Marty Lewis of Cleveland, OH is an alumnus of The Ohio State University and the CRC and graduated with a degree in Communications. He is now a Licensed Mortgage Loan Originator for one of the largest mortgage lenders the country. His interests include stand-up comedy, attending sporting events, hanging out with friends, getting ice cream and sitting around a campfire. He is engaged to his high-school sweet heart and girlfriend of eight years. Together they have three dogs: a six year old Keeshond and two Australian Shepard puppies. Of course, Marty’s favorite place on campus is our CRC drop-in center and his most memorable moment as a Buckeye was celebrating our National Championship victory with his old roommates.
“My journey from addiction to recovery was very humbling. I would also describe it to be well assisted. The number of people, groups and organizations that were willing to help out was impressive, the only thing that I needed to do was to get out of the way and humble myself.
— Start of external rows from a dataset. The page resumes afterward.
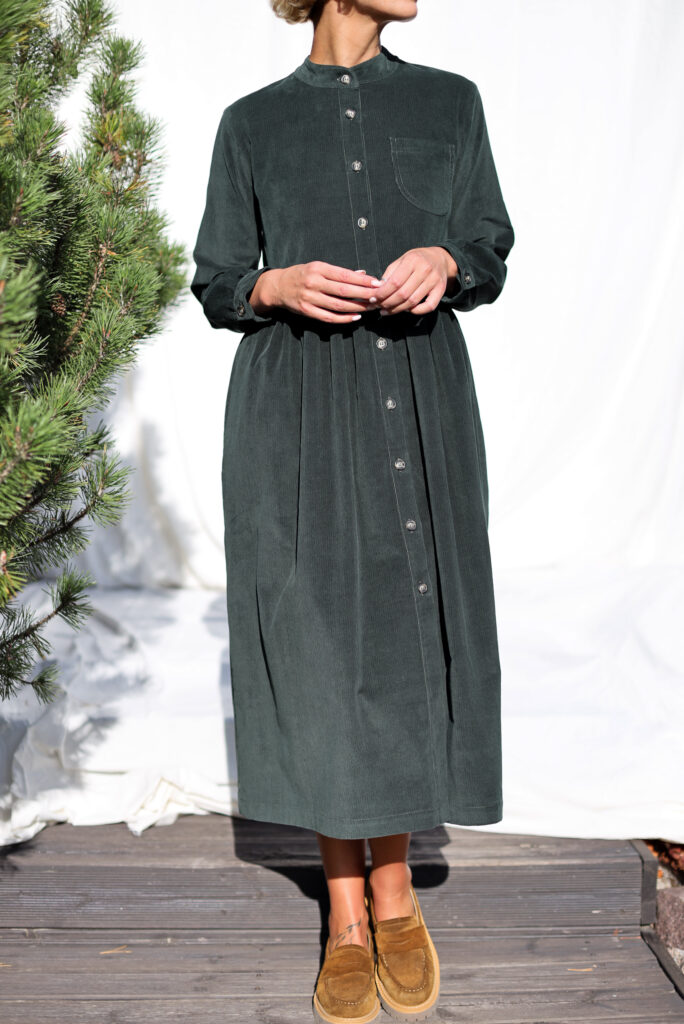 Needlecord long sleeve grandad collar shirtdress CORA - Image 7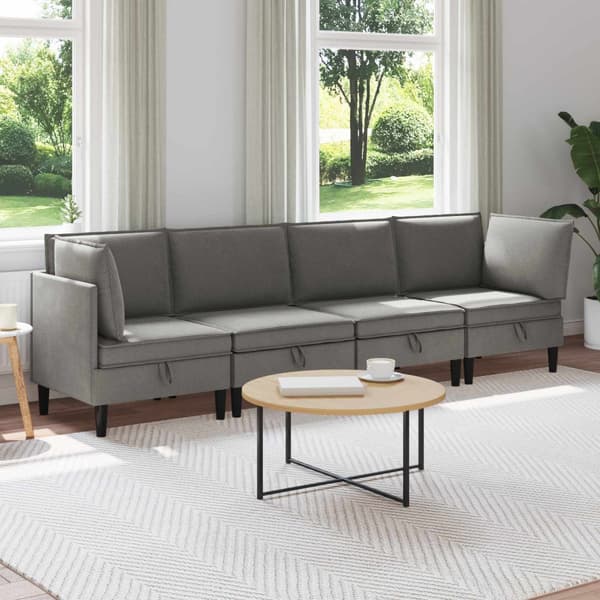 Möbelset för vardagsrummet 4 pcs Mörkgrå Tyg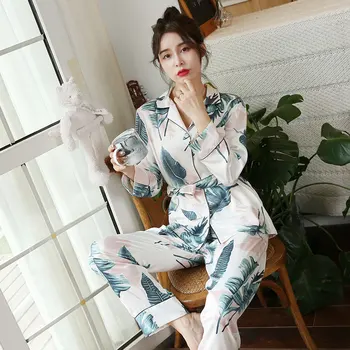 Queenral 2 GAB Zīda Satīna Sieviešu Pidžamas Komplekts Sleepwear Long Sleeve Bikses Apakšveļa Homewear Pijamas Sievieti Mājās Atbilstu Drukas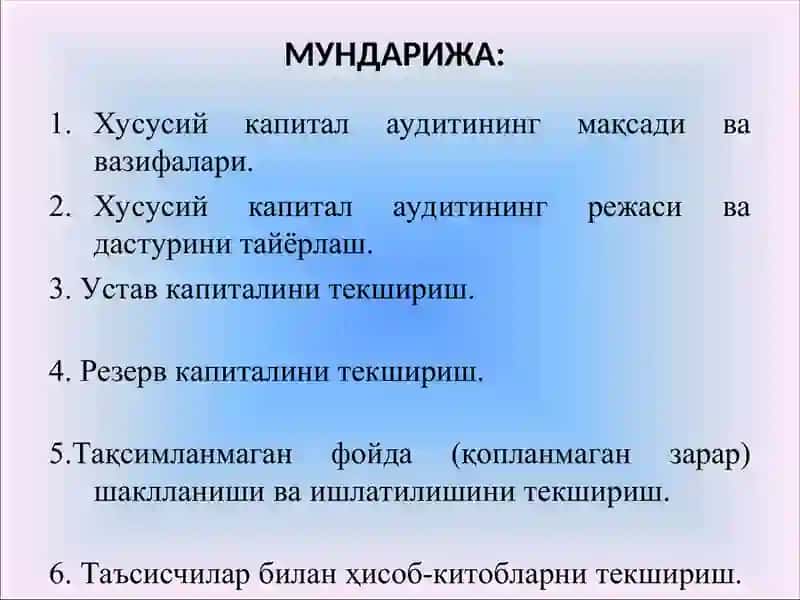Xususiy kapital auditi 2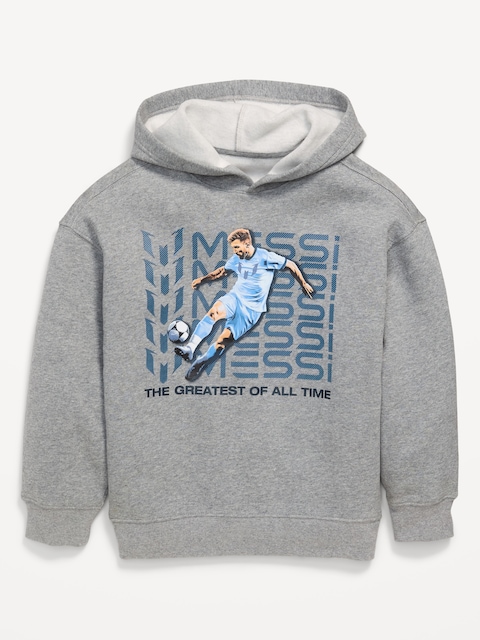 Messi™ Oversized Graphic Hoodie for Boys - Original Gray
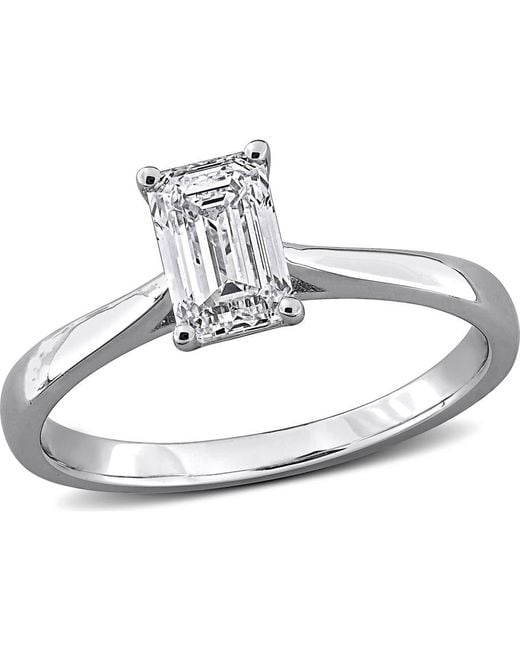 Created Forever Metallic Emerald Cut Lab-Grown Diamond Solitaire Ring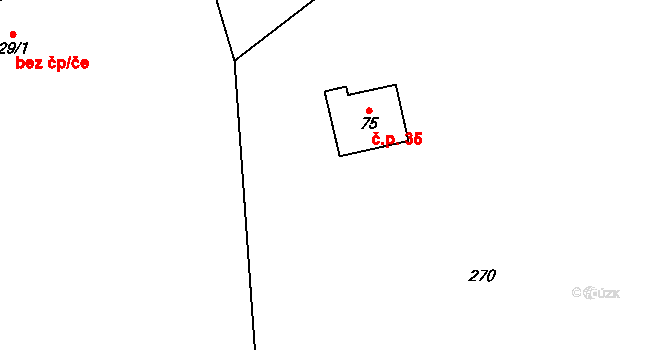 Vlčkovice 35, Neustupov na parcele st. 75 v KÚ Broumovice, Katastrální mapa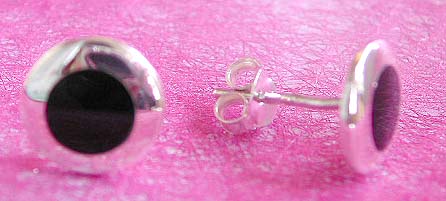 Wholesale stone earring, sterling silver studs earring with rounded black onyx stone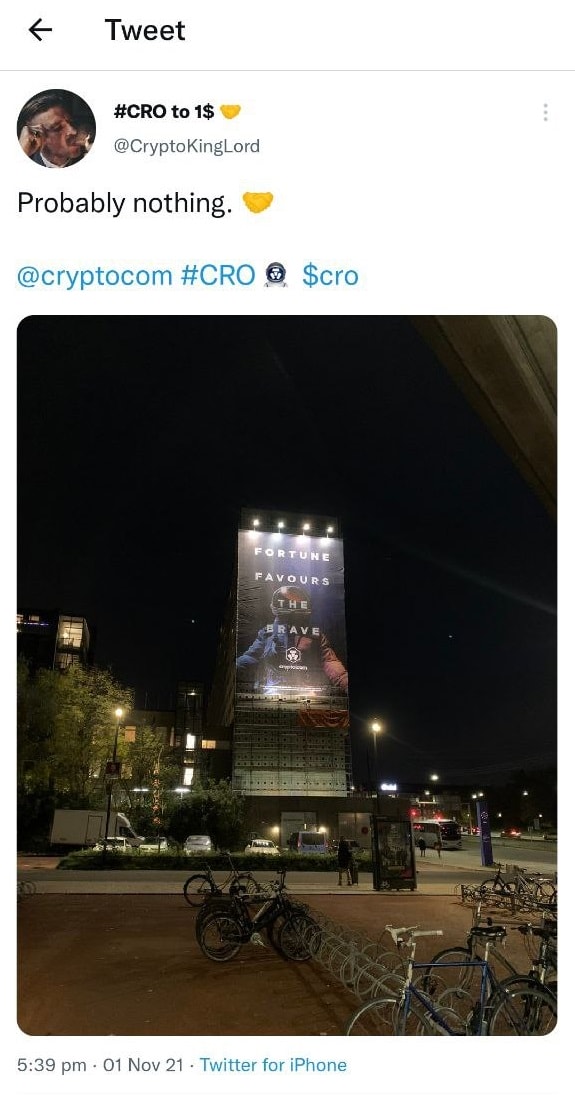 Image of a Crypto.com AD, "Fortune favors the brave" SOURCE: Twitter status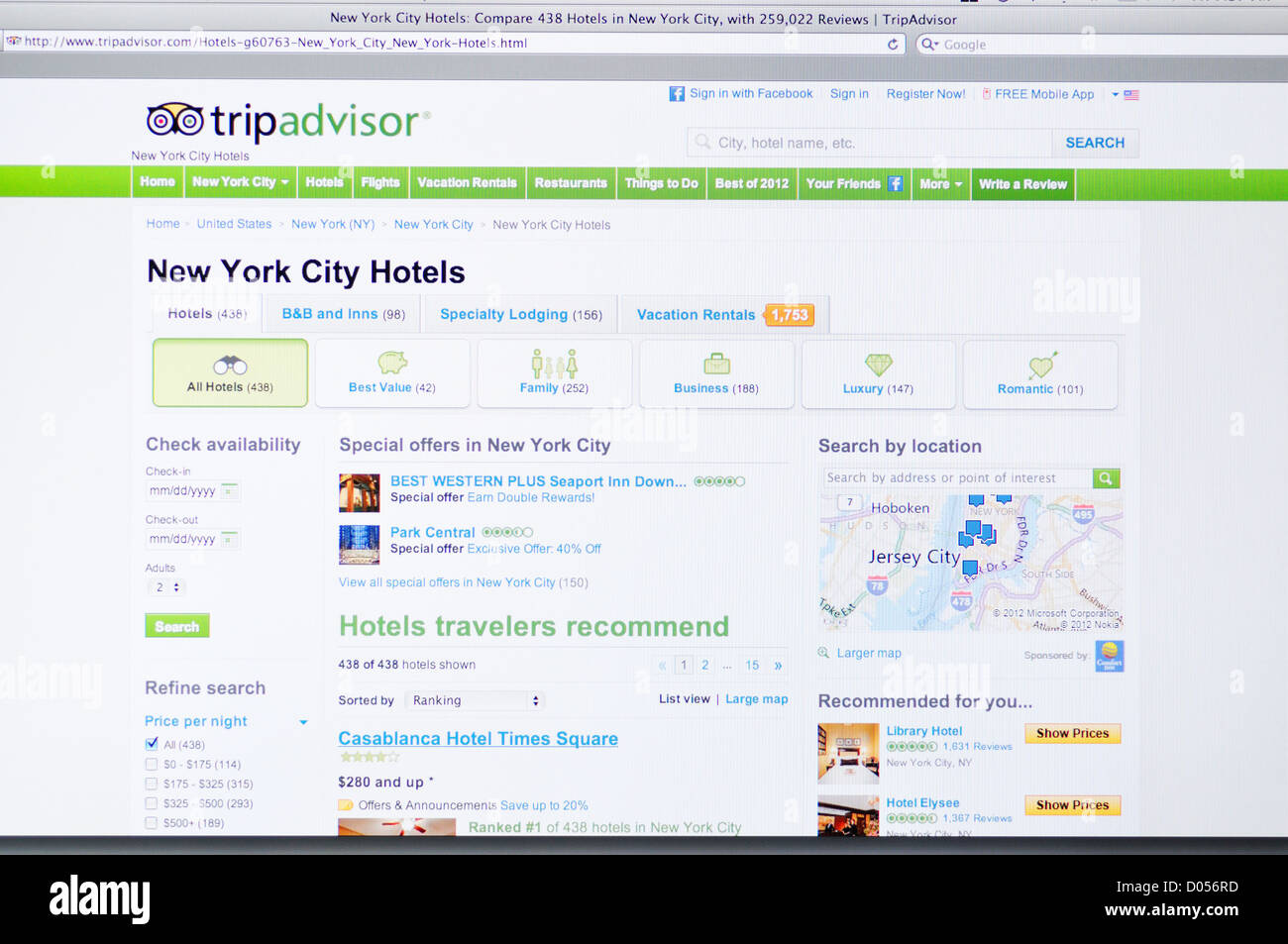 Trip Advisor-Website - Online-Reise-arrangements Stockfoto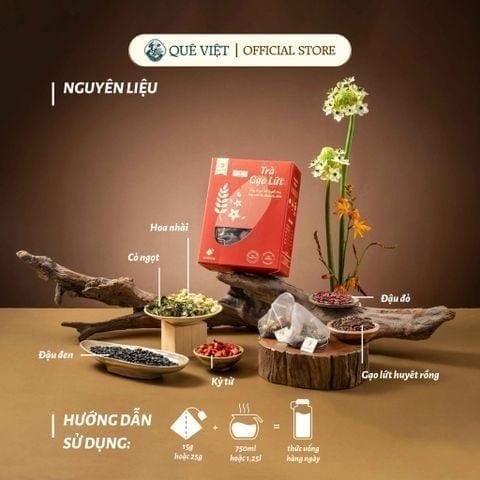 Combo 3 Hộp Trà gạo lứt lợi sữa Quê Việt hỗ trợ lợi sữa cho mẹ sau sinh, nguyên liệu tự nhiên an toàn cho mẹ bầu [150g,450g, 600g]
My willingness to try things that I have never done before was instrumental in my recovery. As well as being able to stay open minded to take advice from those who had more experience and knew more than I did.” Long-term recovery can mean a lot of things to different people. “To me, being in long-term recovery quite obviously has very little to do with substances and has more to do with how I structure and live my life on a daily basis. Today I have serenity and peace of mind knowing that just because I am clean and sober doesn’t mean that I am immune to the challenges and difficulties of life. The difference is that today I have a solution, an outlet and a support group that I can turn to.” Marty spoke very highly of the CRC. “The CRC enhanced my student experience by keeping me accountable, and helping me prioritize my life. It was in the CRC that I was challenged to set goals that before recovery would have seemed impossible to accomplish”.
As an alumnus of the CRC, we were interested in what his recovery looks like post-graduation. “My entire life has changed upon graduating, I got engaged to the love of my life, began an excellent career and I’m preparing for the next chapter of my life. As my life changes and my environments change, so does my recovery. I began to notice the importance of my recovery more and more as life begins to progress and improve, because none of it would be possible without my recovery.” Marty wanted to let new members of the CRC that “the most important aspect of the Collegiate Recovery COMMUNITY, is the community. A community is only as good as the members that make it up. Commit wholeheartedly to the CRC, make it a priority, take a leadership role and you’ll be amazed. I did and it changed my life.”